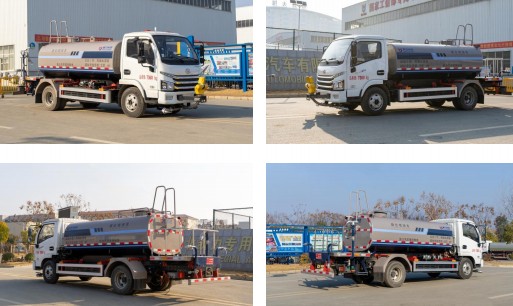 上汽躍進(jìn)新能源5方灑水車 上汽躍進(jìn)新能源5方灑水車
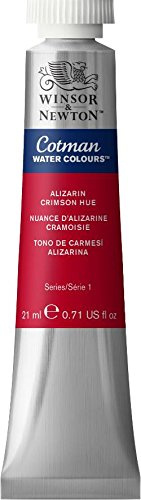 Winsor and Newton Cotman WC 21ml 003 Alizarin Crimson Hue (301) (Tube)
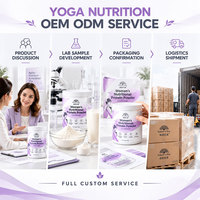 Poudre Protéinée en Gros pour Femmes OEM/ODM : Whey, Soja, CLA, Canneberge, DHA, Fibres, Multivitamines, Minéraux pour la Gestion du Poids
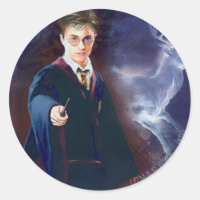 Harry Potter's Stag Patronus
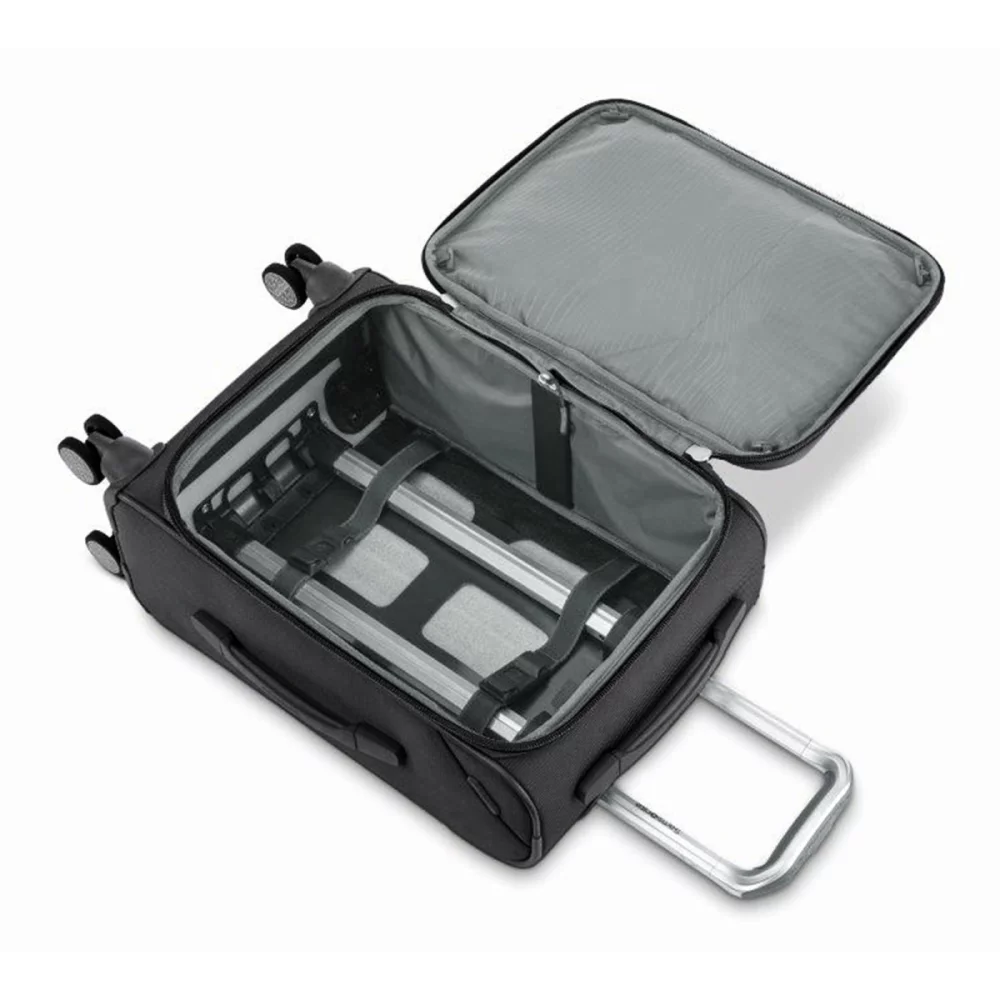 Valise cabine à roulettes Samsonite Ascentra - Noir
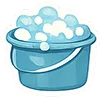 🤩 Эмодзи «Уборка - иконки и таблички» для Telegram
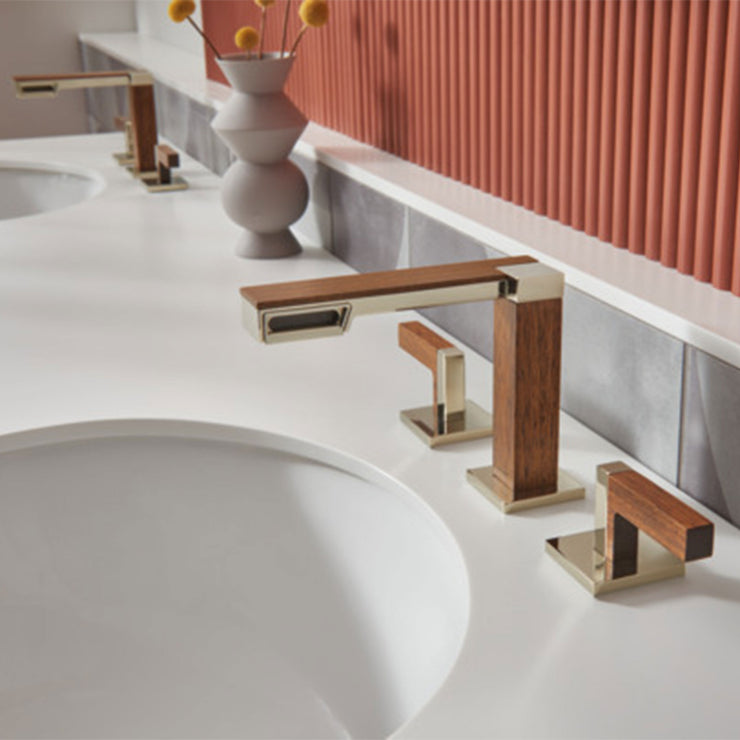 Brizo Frank Lloyd Wright Widespread Bathroom Faucet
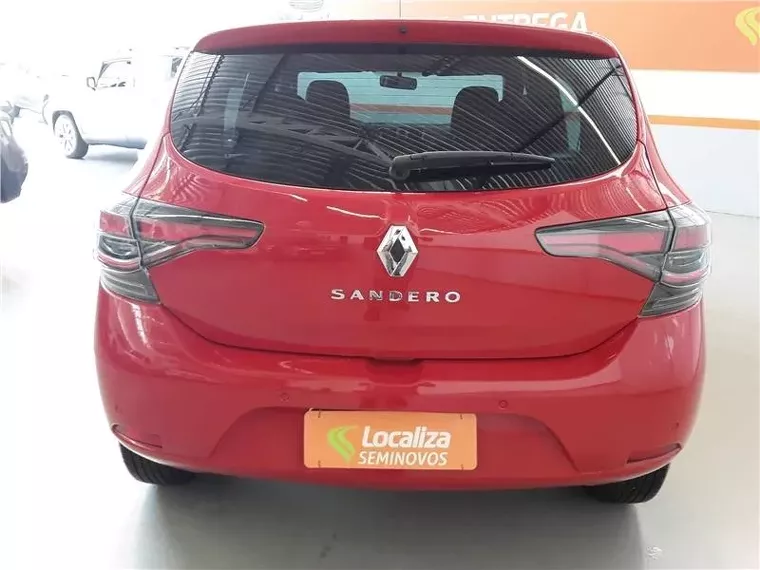 Renault Sandero Vermelho 10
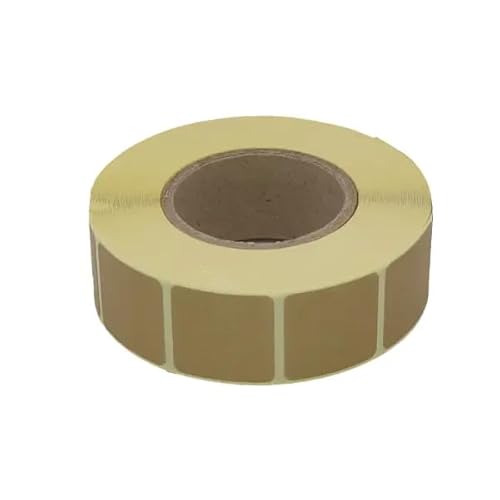 IPSC Patches, Schusspflaster, Selbstklebende Zielscheiben-Markierungen für Sportschützen (2, Braun, 2,5 cm) von Generisch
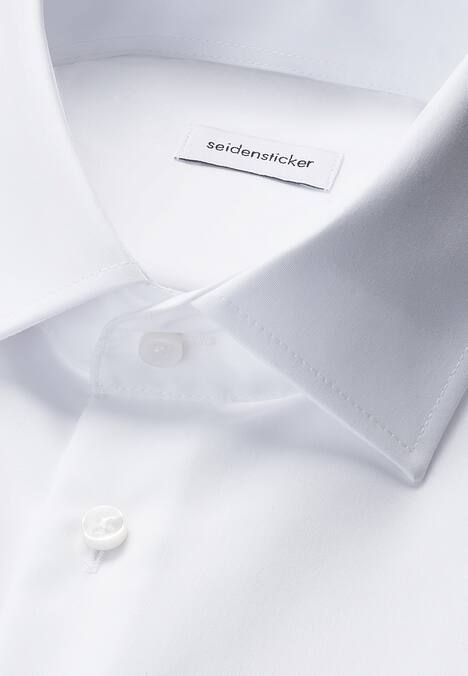 Herren Business Hemd - Uni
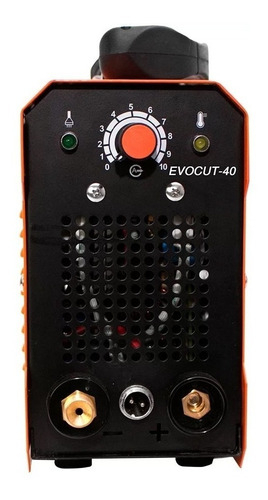 Soldadora Plasma Inverter Smarter Cut-40 Corta 10 Mm Naranja - Imagen 2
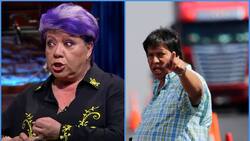 “Fantástico”: Paty Maldonado apoya a los camioneros y está feliz con un posible desabastecimiento de alimentos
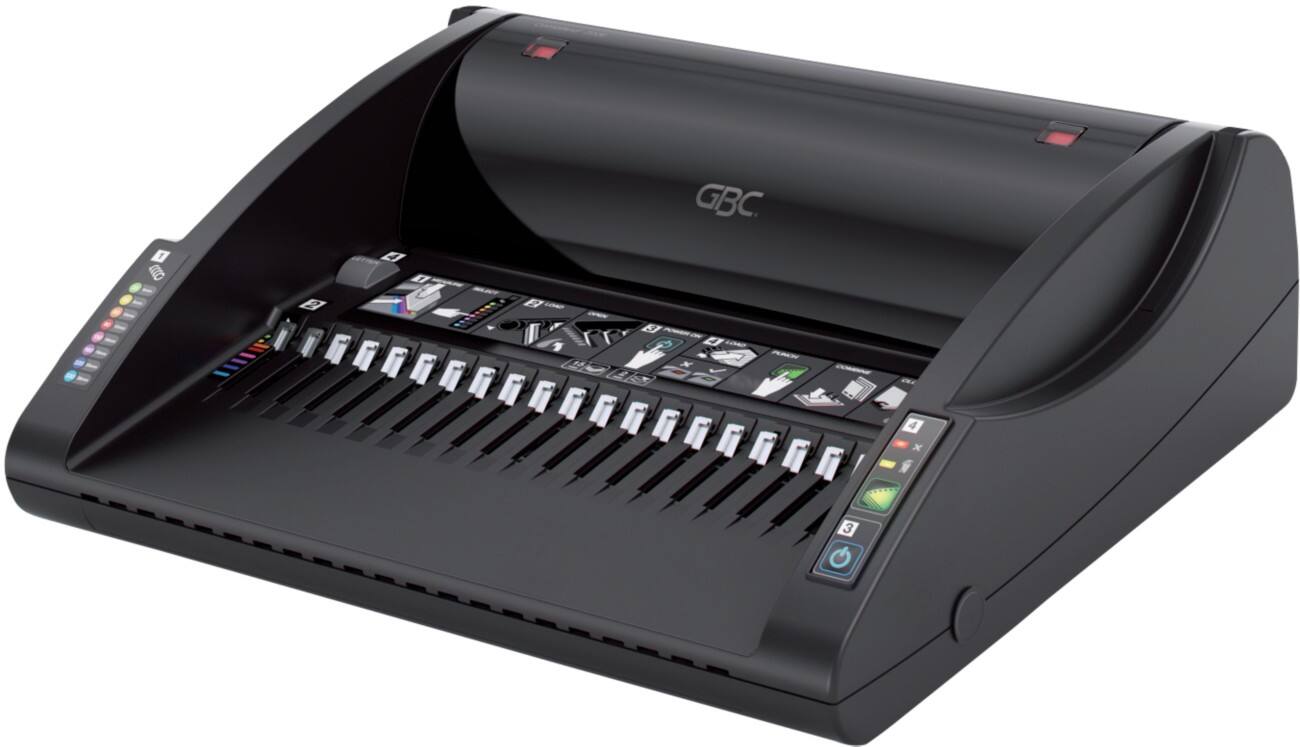 GBC Inbindmachine CombBind C200E Elektrisch Plastic 330 Vel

**Work required:** No pictures go in the copy. Set down all the data exactly.

**Your response:**
 上汽躍進(jìn)新能源5方灑水車 上汽躍進(jìn)新能源5方灑水車
 Winsor and Newton Cotman WC 21ml 003 Alizarin Crimson Hue (301) (Tube)
 Poudre Protéinée en Gros pour Femmes OEM/ODM : Whey, Soja, CLA, Canneberge, DHA, Fibres, Multivitamines, Minéraux pour la Gestion du Poids
 Harry Potter's Stag Patronus
 Valise cabine à roulettes Samsonite Ascentra - Noir
 🤩 Эмодзи «Уборка - иконки и таблички» для Telegram
 Brizo Frank Lloyd Wright Widespread Bathroom Faucet
 Renault Sandero Vermelho 10
 IPSC Patches, Schusspflaster, Selbstklebende Zielscheiben-Markierungen für Sportschützen (2, Braun, 2,5 cm) von Generisch
 Herren Business Hemd - Uni
 Soldadora Plasma Inverter Smarter Cut-40 Corta 10 Mm Naranja - Imagen 2
 “Fantástico”: Paty Maldonado apoya a los camioneros y está feliz con un posible desabastecimiento de alimentos
 GBC Inbindmachine CombBind C200E Elektrisch Plastic 330 Vel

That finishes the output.